St Vedast, Foster Lane, at the back of the 1900 General Post Office, destroyed in the Great Fire and rebuilt by Wren, was one of the thirty-four churches which, marked out for destruction by the Union of Benefices Act, escaped the spoiler in consequence of a petition presented to the House of Commons by the Institute of Architects, who held a meeting at the top of St. Paul's to determine which of the various towers and steeples spread beneath them in wonderful confusion, should be spared.

St Vedast, it appears, was a native of Perigord, and Bishop of Arras, in France, and died A.D.540.

According to the Rev. W. S. Simpson, D.D., who seems to have expended much erudition in his researches into the history of this Saint, the dedication to St. Vedast is one of the rarest in England.

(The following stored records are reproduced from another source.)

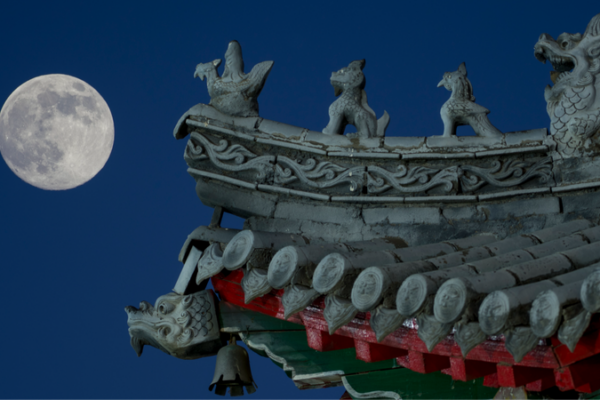 Last Supermoon of 2025 Dazzles as ‘Cold Moon’ Peaks 🌕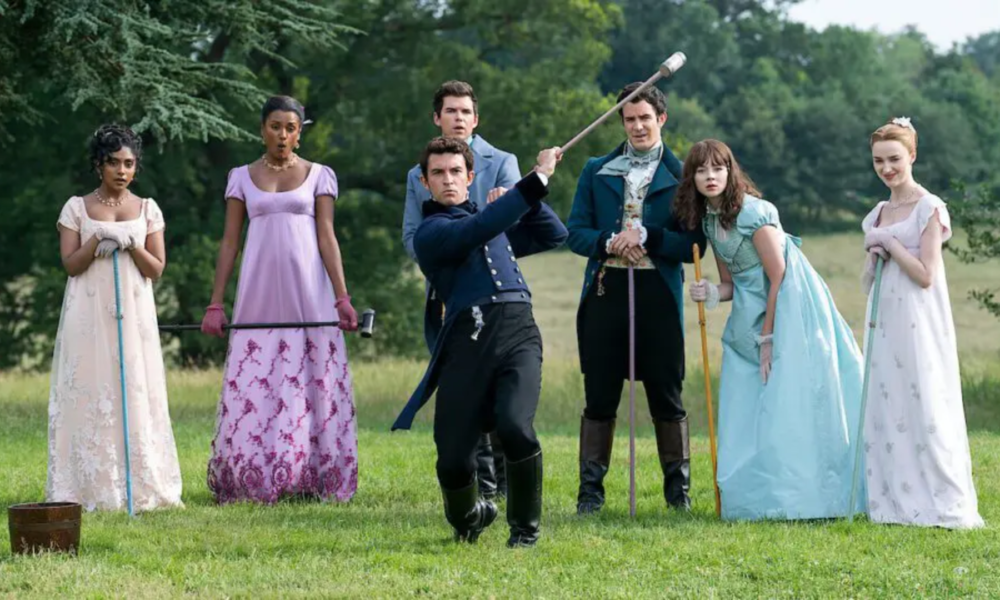 Scène extérieure avec plusieurs membres de la famille dans La Chronique des Bridgerton saison 4 sur Netflix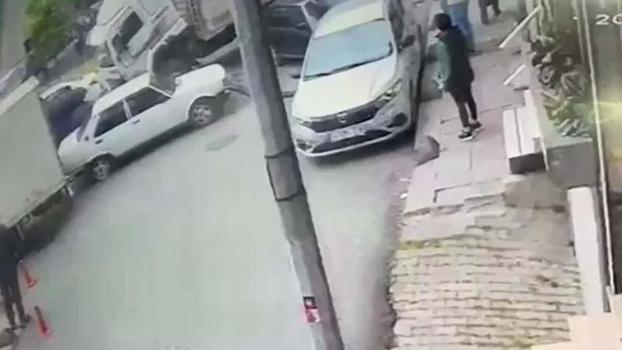 Bağcılar'da park halindeyken sürüklenen kamyon 8 araca çarptı; kaza kamerada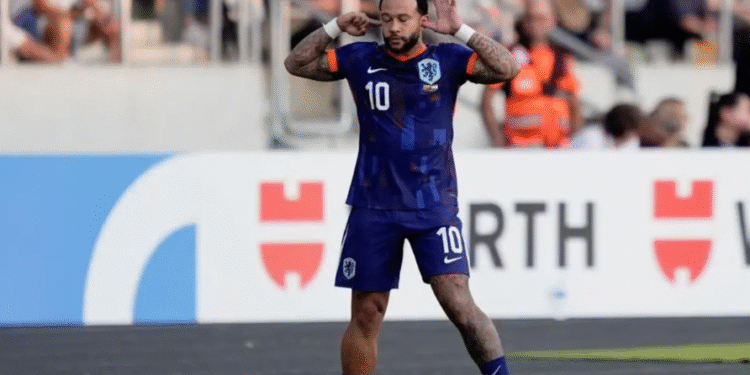 Penyerang Timnas Belanda Memphis Depay merayakan keberhasilannya mencetak gol ke gawang Timnas Lithuania pada pertandingan Grup G Kualifikasi Piala Dunia 2026 zona Eropa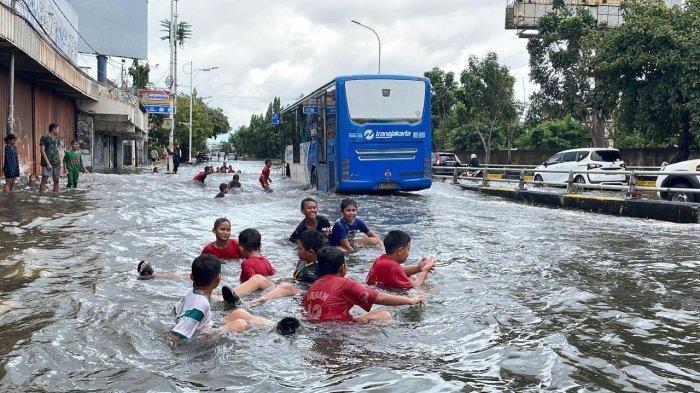 Hujan Ekstrem di Jakarta: Angin Utara dan Suhu Laut Dingin Jadi Pemicu Banjir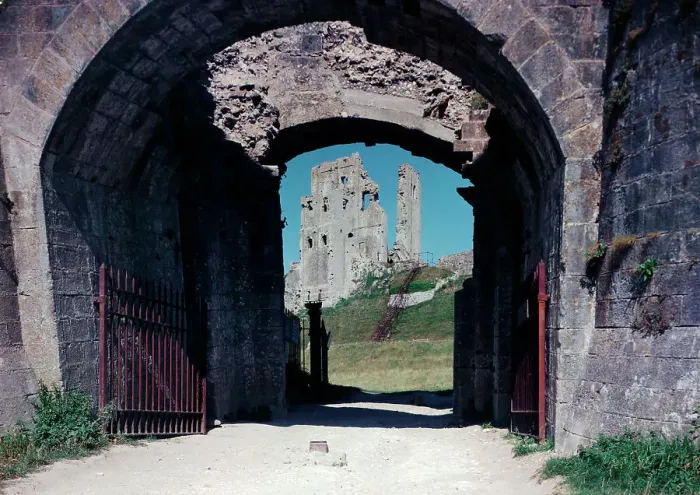 Framed Print : The main gate, Corfe Castle Framed Print : The main gate, Corfe Castle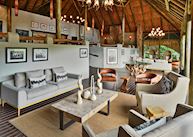 Bayethe Tented Lodge, lounge area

Over the west door of the church is a curious old allegorical bas-relief representing "Religion and Charity."

The interior of the building was interesting and worth exploring; while the oak altar-piece would repay close examination; the unique feature, however, of St. Vedast was its clock, the only one in any London church without a face, a small shrill bell, supernumerary to the peal of six, proclaiming the passing hours; the works were there, but the dial had never recorded "the inaudible and remorseless footfall of time."

Ecclesiastical associations surround Vedast, and the three great piles of buildings which now comprise the Metropolitan "Temple of Letters."

The old Post Office was built upon the site of the sanctuary of St. Martin's-le-Grand, and within a hundred yards of it were grouped the plain brick meeting-house-looking church of St. Botolph Without, Aldersgate, and the unpretentious structure with the long quaint name, "St Anne and St. Agnes with St. John Zachary."